[interfacekit] Re: BScreen (again)
- From: "Ingo Weinhold" <bonefish@xxxxxxxxxxxxxxx>
- To: interfacekit@xxxxxxxxxxxxx
- Date: Mon, 28 Jul 2003 17:02:15 +0200 CEST
On Mon, 28 Jul 2003 16:14:57 +0200 "burton666@xxxxxxxxx" <
burton666@xxxxxxxxx> wrote:
> > I'd be interested in their workings. :)
> >
>
> I'm glad someone is :P
I'm interested too, though I didn't want you to write it up just for
me. :-P
> Basically, BScreen is just a proxy for BPrivateScreen.
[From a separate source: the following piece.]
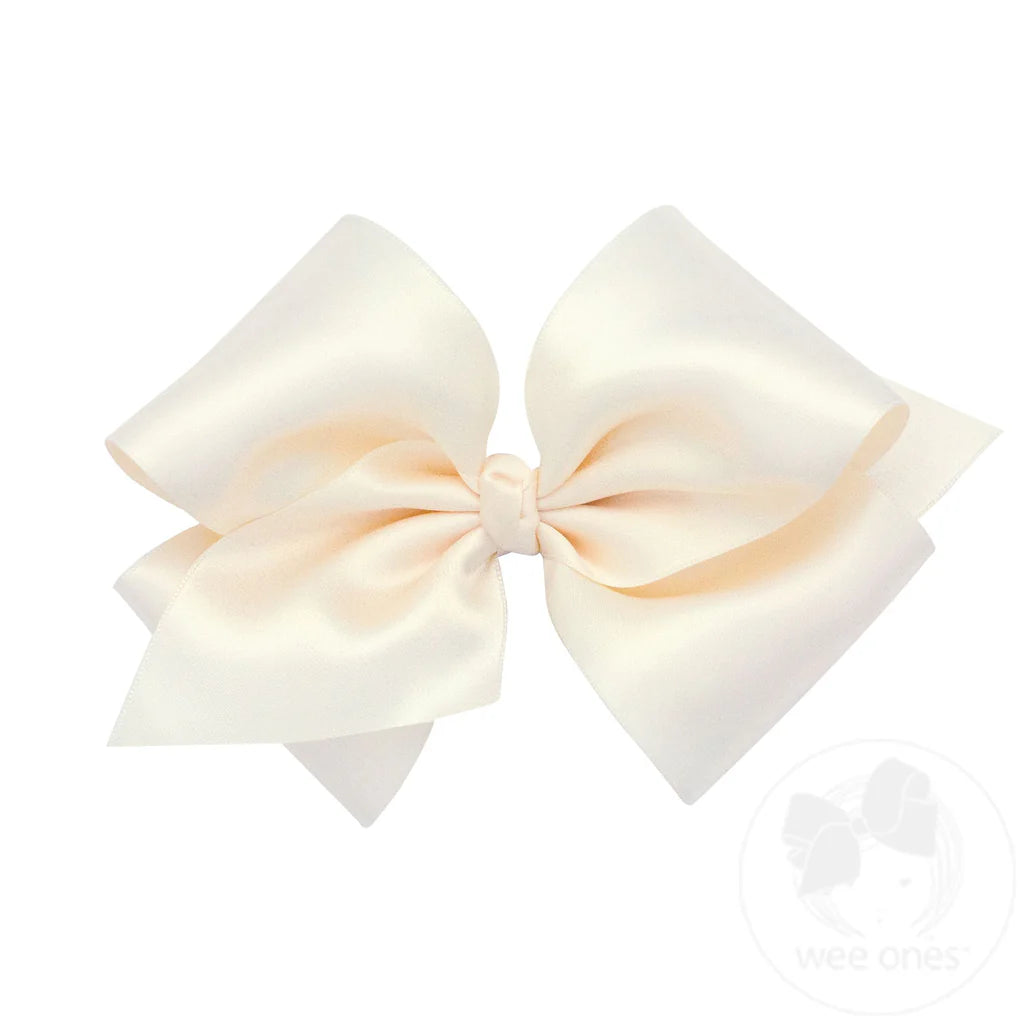 Small King French Satin Hair Bow | Ecru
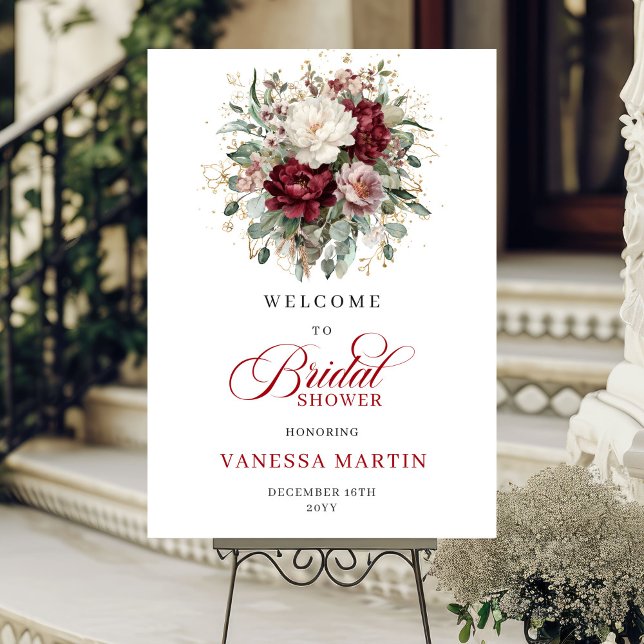 Poster Flores Vermelho Burgundy Profundo Chuveiro de Noiv (Deep Red Burgundy Flowers Bridal Shower Welcome)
> In fact, every BScreen method just call the corresponding
> BPrivateScreen one.
>
> On construction, BScreen calls a BPrivateScreen static method to get
> a BPrivateScreen object, which will be released upon destruction.
>
> The interesting thing, is that there is only one BPrivateScreen
> object for BApplication, no matter how many BScreens one istantiates,
and, for this reason, the BPrivateScreen constructor isn't called by
BScreen, but by BApplication itself (in the get_scs() method, which
basically does:
>
> void
> BApplication::get_scs()
> {
> gTheScreen = new BPrivateScreen();
> }
>
> with gTheScreen being in a private header accessible by both
> BApplication and BPrivateScreen, I guess.).
>
> BPrivateScreen is the one which is responsible of the communication
> with the app server through _BAppServerLink_ and _BSession_ (or
Portlink, in our case).
>
> On creation, it gets a color_map structure from the app server (can
> be done with two methods: one involving the allocation of a struct done
by BPrivateScreen (_BSession_, unlike Portlink, doesn't do any
allocation, it's the client who is responsible to do it), and reading
the structure with _BSession_ (again, PortLink for us) from the app
server, the other using BApplication::global_ro_offs_to_ptr(uint32
offset), which returns a pointer to the color_map struct within the app
server's heap (I guess)).
>
> What else can I say...
> well, the color methods (IndexForColor(), ColorForIndex(), etc.) are
> local, while the others ask the app server....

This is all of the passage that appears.